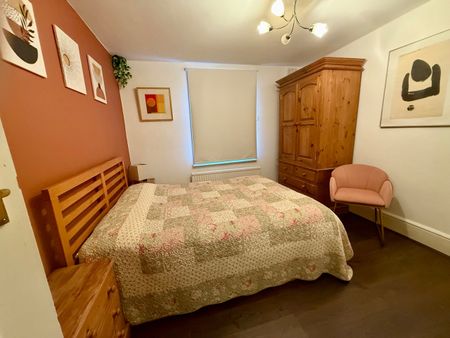 2 Bed Flat, Edith Road, W14 - Photo 3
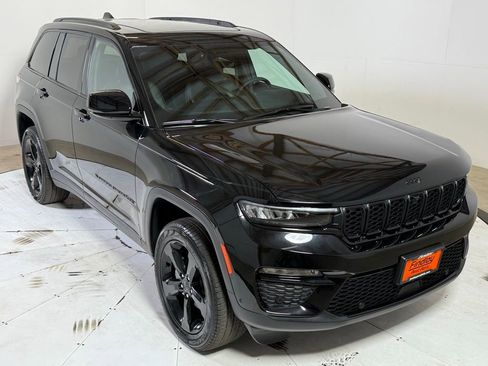 New 2025 Jeep Grand Cherokee Limited w/ Luxury Tech Group II image 1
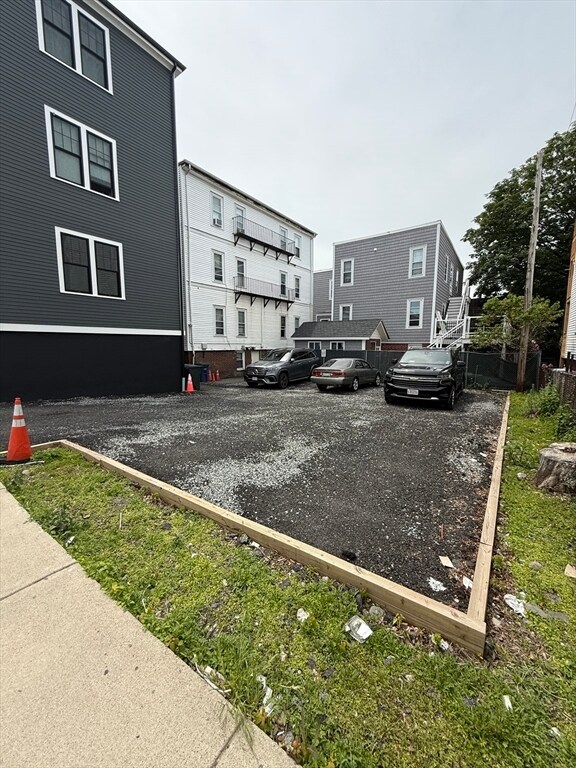 Building Photo - 8 Ford St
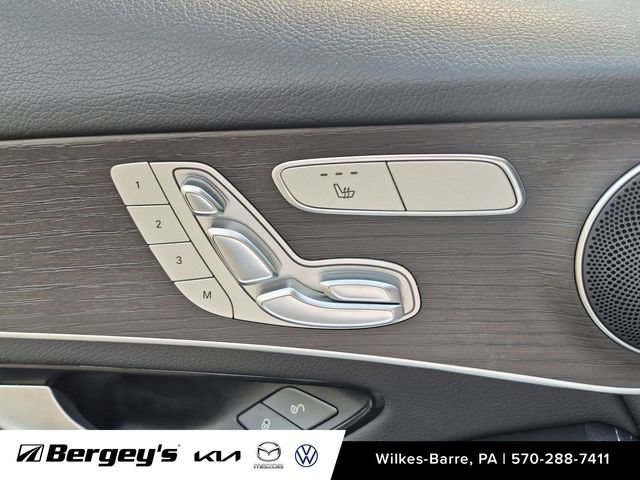 Used 2022 Mercedes-Benz GLC 300 4MATIC image 13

--------------------

An exact reproduction of the data above is required, with every picture removed.

 2 Bed Flat, Edith Road, W14 - Photo 3
 New 2025 Jeep Grand Cherokee Limited w/ Luxury Tech Group II image 1
 Building Photo - 8 Ford St
 Used 2022 Mercedes-Benz GLC 300 4MATIC image 13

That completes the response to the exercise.